17人の民族講師はこれまで、市内の校長らで構成する「民族クラブ技術指導者招聘事業実行委員会」から業務委託を受けるという形で民族学級の指導にあたってきた。しかし、正式採用された結果、身分がこれまでより安定し、市教委から「国際理解教育推進非常勤嘱託職員」としての取り扱いを受ける。
これにともない、市教委では「民族クラブ技術者招聘事業」を発展的に解消し、新渡日も含めた在日同胞教育の全体的な底上げを図っていく。具体的には在日と新渡日の子どもたちの教育とを縦割りで分けていたものを、新たに発足させた「国際理解教育推進事業」に一括した。
民団大阪本部では「正式雇用はよかったと言いたいが、常勤講師の報酬に近づけるよう今後さらに努力をしてもらいたい」(金秀事務局長)と市教委に釘を刺した。 一方、市に民族学級の制度保障を求めてきた大阪市民族講師会は一定の評価を与えている。
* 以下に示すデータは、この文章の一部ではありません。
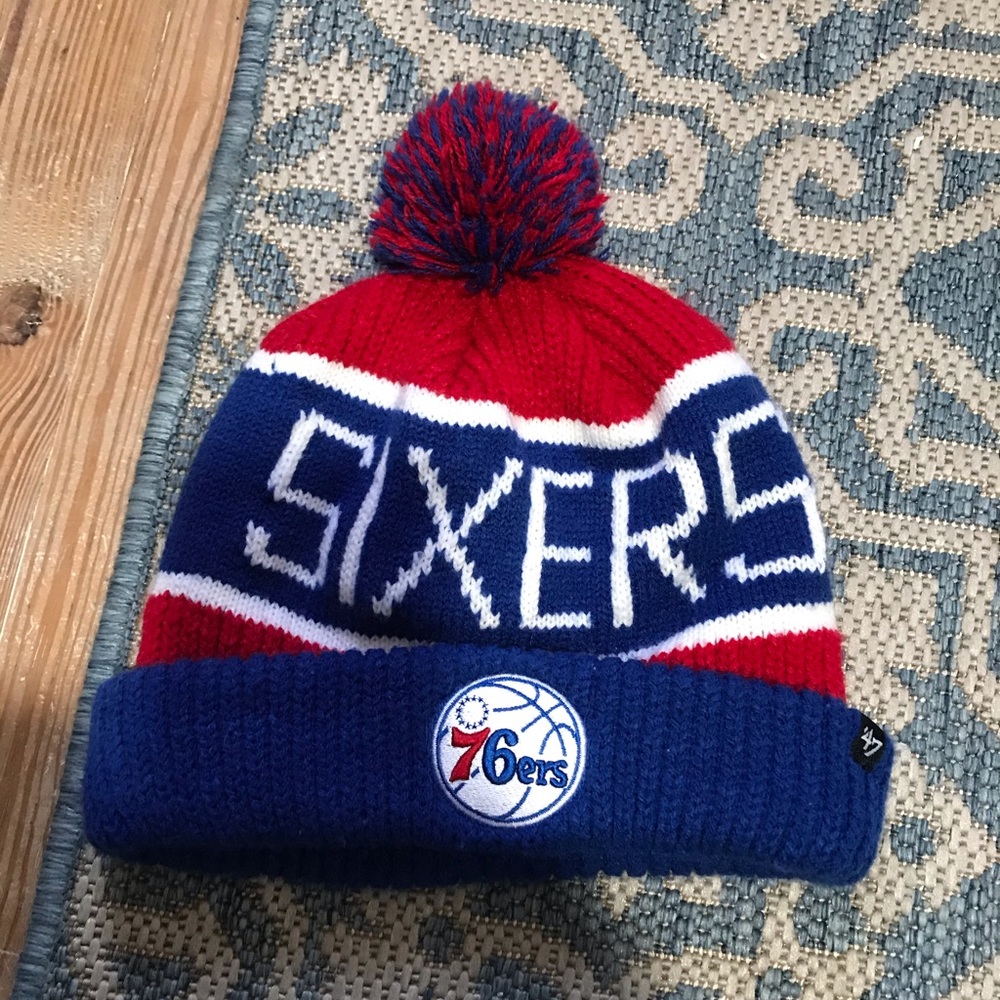 Official Philadelphia 76ers winter pom beanie, unisex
まず、新規事業であることから今後、民族講師拡充の可能性が生まれたこと、また、教育課程内の業務を民族講師の役割に位置づけたことで、専門化と事業充実化への端緒になるのではと話している。
大阪市内の小中学校で実施されている民族学級は全部で103校。このうち、大阪府による常勤民族講師措置校を「民族学級」と呼び、大阪市の制度に基づくものを「民族クラブ」と区分しているが、一括して「民族学級」として総称することも多い。